Amália Rodrigues
Amália Rodriguez kent haast iedereen als de ‘koningin van de fado’, maar staan we wel ooit stil bij de betekenis van het woord ‘fado’? Fado refereert naar ‘fatum’, het lot. De liedvorm ontstond in de Portugese armoedige kroegen en was een expressievorm die melancholie, berusting maar ook levensvreugde (feeststemming) in zich droeg. Het is deze wonderlijke combinatie van gevoelens die het levenslied de uitlaatklep maakt, de mengeling van tristesse en opperste vreugde die uiteindelijk maar één vraag in zich draagt, de meest existentiële: die van de zin van het bestaan.

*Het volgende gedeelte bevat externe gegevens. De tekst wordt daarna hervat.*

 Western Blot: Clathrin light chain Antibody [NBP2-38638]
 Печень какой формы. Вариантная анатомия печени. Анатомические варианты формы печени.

É ou não é’ (Waar of niet?) is zo’n liedje die het allemaal in zich draagt. Gedragen door een onweerstaanbare vrolijke melodie, waarin op een bitterzoete wijze elke bevinding in vraag wordt gesteld, gaande van de lengte van de rok tot de grootte van de neus. Wat is de waarde van de zegswijzen en de spreekwoorden? Op een ironische wijze wordt de waarheid onderzocht. Het uiteindelijke antwoord ligt in het standpunt dat je zelf bepaalt. Daarmee is de cirkel rond.
Het is evenwel logisch dat deze beschouwingen universeel zijn. Over de hele wereld bezingen de mensen hun lot en zijn er uitlaatkleppen voorzien (carnaval) om lucht te geven aan zulke inzichten en frustraties die diepgeworteld zijn in de menselijke aard.
La Filanda
Het ‘vertalen’ van de fado is geen makkelijke opdracht! Milva waagde zich aan de vertolking ervan en ze deed dat meesterlijk! ‘La filanda’ (De spinnerij) is dan ook een onovertrefbaar Italiaans equivalent dat zeer vrolijk klinkt, maar anderzijds ook diep maatschappijkritisch is, dat de onmacht vertaalt naar ‘het toeval’, ‘het lot’, maar daarbij de hiërarchische ongelijkheden scherp stelt. De vrolijke toon vertaalt zich in spot, maar ook in zelfberusting.
Wie laat hier het spinnenwiel draaien? Dat is klaar, dat ben ik. Hoe komt dat? De zoon van de baas heeft me erin geluisd. Een nachtje ‘tussen een zucht en een vergissing’ en zo zit ik hier dan met een kind. De baas die bekommert zich er niet om, die denkt dat ik mijn topjob gevonden heb en verder aan zijn eigen winst. De zoon die ‘kon even niet zonder mij leven’, maar die denkt er nu wel anders over. Even dacht ik dat ik het wist, maar ja, ik had me er niet in moeten laten tuinen, ’t is mijn eigen fout! ‘Ahi l’amore! Ahi l’amore, Ahi l’amore che cos’è?’
Het lied zet aan tot reflectie, maar zeker ook tot vrolijkheid, en dat vooral door zijn toonzetting en de mengeling van spot en zelfspot. Een meesterwerk, daar blijf ik bij!